Tallulah’s year isn’t what she expects though. Once Nash realizes his mistake, he and Tallulah become friends. Then they become more than friends. He is a brand-new person this year too, after a football accident leaves him with a permanent limp and he can’t play anymore. They find understanding and friendship in each other. They have to cling to this new relationship as car accidents, rumors, and inappropriate teachers all threaten to destroy their feelings for each other.

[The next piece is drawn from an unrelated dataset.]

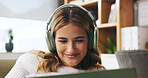 Happy, woman and headphones with tablet at house for streaming, social media and listening to music. Smile, female person and digital for movie search, film audio and playlist sound in living room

Losing the Field is a dramatic take on a tumultuous senior year of high school. The characters are easy to connect with, but at some points the plot and dialogue are overly dramatic. However, the plot does bring up important topics such as body image, bullying, substance abuse, and friendship. The main character Tallulah teaches readers that your outside appearance doesn’t matter as much as what’s on the inside, and she stands up for herself by telling the truth, even in a difficult situation.

This story is entertaining but predictable. The characters get themselves into hard situations because of misunderstandings and eventually come back together when they have learned the truth. Profanity is used often and is used to differentiate between the voices of Tallulah and Nash. The chapters are written in alternating perspectives and Nash uses expletives and coarse language in his narration.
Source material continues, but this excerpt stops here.